Andy and I haveprobably known each other for 10-12 years. We see each other at parties. We run into each other in
McCall or we get to catch up at the girl’s appointments. I may be wrong, but I first remember meeting
Andy and Karen in McCall on the dock just when they came to Boise to work with Mike Ferry.
So how do I know were friends and how did he become one of my favorite people? Here it is…
Here’s what always sticks with me. Every time we meet up. Every time. I would get one of the most
genuine and sincere greetings possible. From the second he sees you, Andy lights up with his easy smile
and his knowing, smiling eyes. It would be impossible to not feel his warmth and sincere desire to “pull
you in” and connect for a conversation. How long the conversation will be; one minute or 30 or 90 is
hard to know but you can be sure however long that Andy is committed to you during that entire
conversation. He’s not going to be distracted by anything. He not going to be scanning the room or
setting for another conversation. He right there and he’s interested in you and your world and sharing
his.  What does that mean to “pull you in”? Its hard to explain, but I suspect you already know. I have
always felt Andy is more interested in others and he wants them to feel appreciated. This is paired with
Andy’s casual confidence that lets you know he is comfortable with himself, not cocky or better that
you, just that he’s good with himself. He’s not going to try to impress you with his accolades, his
accomplishments, or his position. He’s not.  All this combined with Andy’s handshake. You know it. Right? Palm up. Fingers to the sky. His hand low
and close to his body. It’s easy. It’s confident. It’s sincere. It’s friendly. It’s not-dominating, but
welcoming. He basically saying “put ‘er there ol’ pal”. Andy has such a great and memorable
handshake. I really can’t think of one that I like better.
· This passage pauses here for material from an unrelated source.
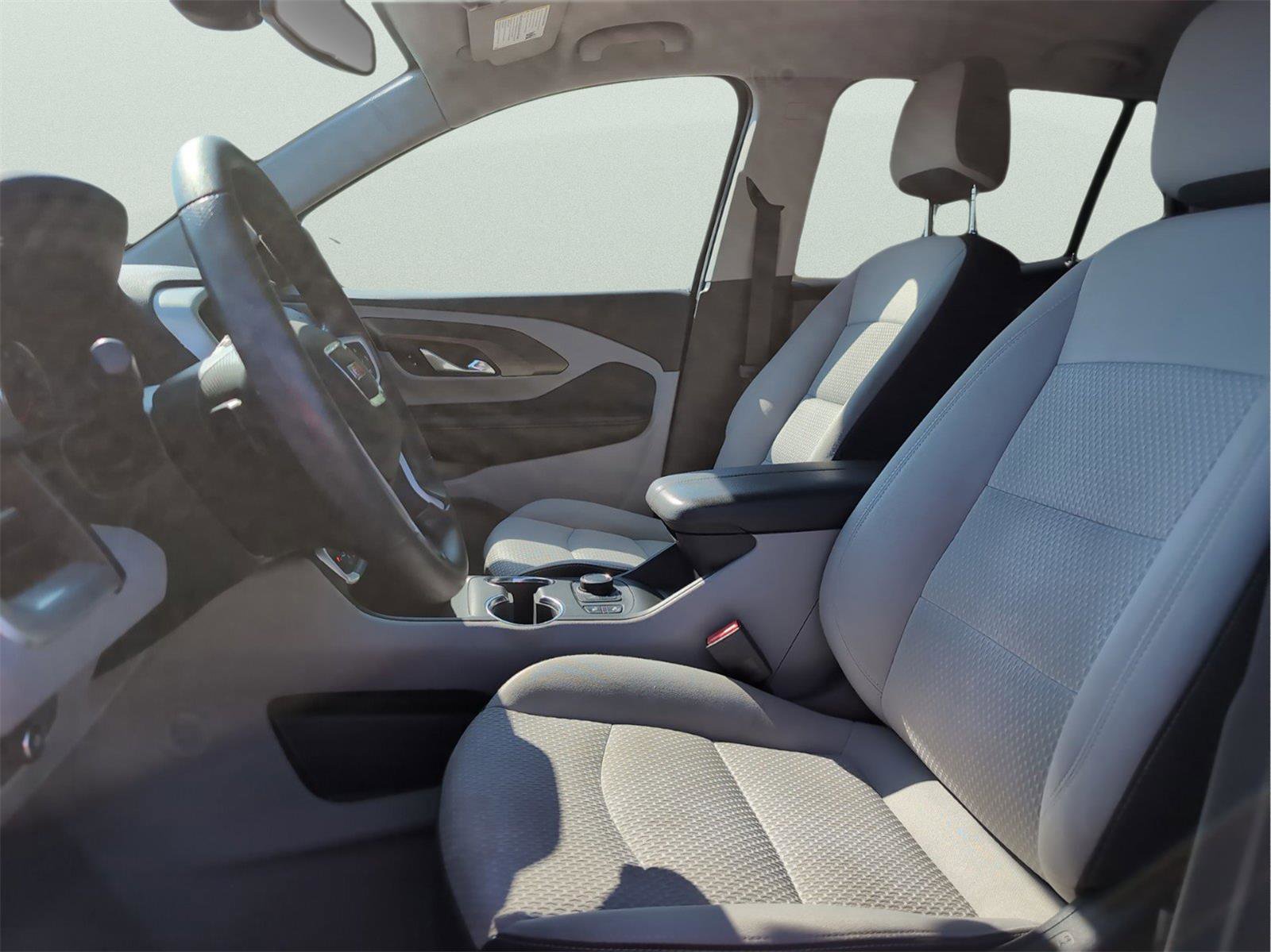 Used 2022 GMC Terrain SLE w/ Driver Convenience Package FWD image 13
I did some poking around on the internet about handshakes and what they mean. I found there is a lot
of resources. And the lot of research that has been done. All the way up to the MIT Journals. In breif,
I found that the open palm, low or lesser hand shake shows that persons humility and a willingness to
serve. I think that sounds pretty much spot on for Andy’s handshake.
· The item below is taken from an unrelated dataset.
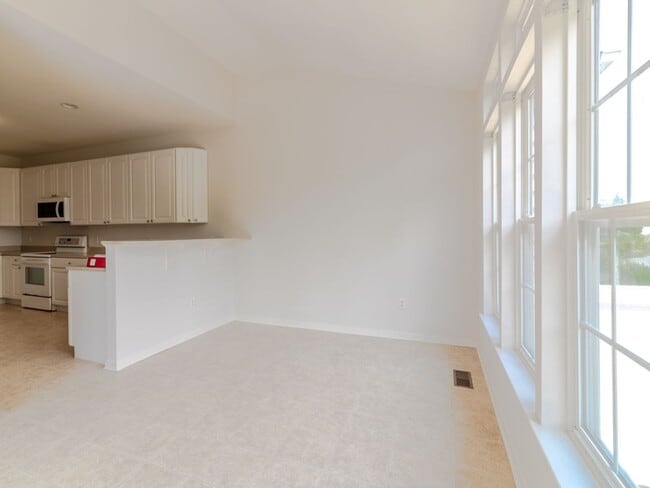 Photo - Spacious Unfurnished 3-BR, 2.5-BA year-rou...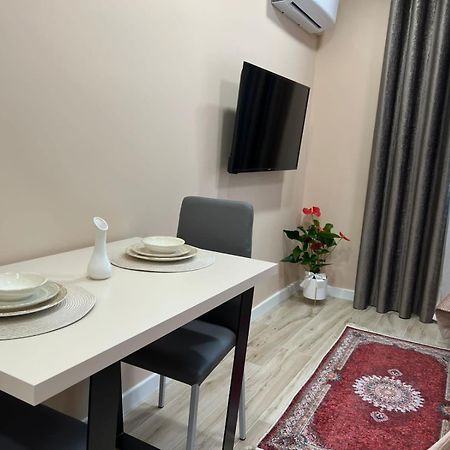 Smart Home , Lovely Apartment In Тирана Экстерьер фото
Since the cancer and all of the treatments, Andy has never wavered. Here’s a man, a peer, in the throes
of a major battle with brain cancer and he still exudes his simple confidence, his happiness, his interest
in others and life’s simple pleasures (e.g., family, old stories, cars). Amazingly, he still manages to
maintain his grace so that its not about him and his cancer. It’s really about two friends getting together
and sharing stories and anecdotes about their lives. In retrospect and in light of the battle, he has been
a master of keeping people like me focused away from the ‘elephant in the room’. What make this all
the more brilliant is that I don’t think he is really trying to re-focus my attention but that he sincerely is
more interested in his friends and family just like always. Recently, we met again at the One Stone
event. I can’t tell you how excited I was to run into Andy. Same smile. Same eyes. Same handshake.
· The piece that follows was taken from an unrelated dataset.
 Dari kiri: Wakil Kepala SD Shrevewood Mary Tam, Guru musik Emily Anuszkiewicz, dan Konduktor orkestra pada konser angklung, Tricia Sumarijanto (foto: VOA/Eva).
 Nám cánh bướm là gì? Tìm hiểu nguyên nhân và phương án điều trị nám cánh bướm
Same ability to “pull me in” for 10 or 20 minutes. I can’t recall the details of our conversation but it
wasn’t about cancer or new lesions or any of that. We talked and laughed about family, kids, and my
VW bus project. It was fantastic.
I don’t really know how to finish so I’ll leave it with this. Andy’s handshake is unforgettable. And the
handshake is always just the beginning of spending a little time with Andy which is always great.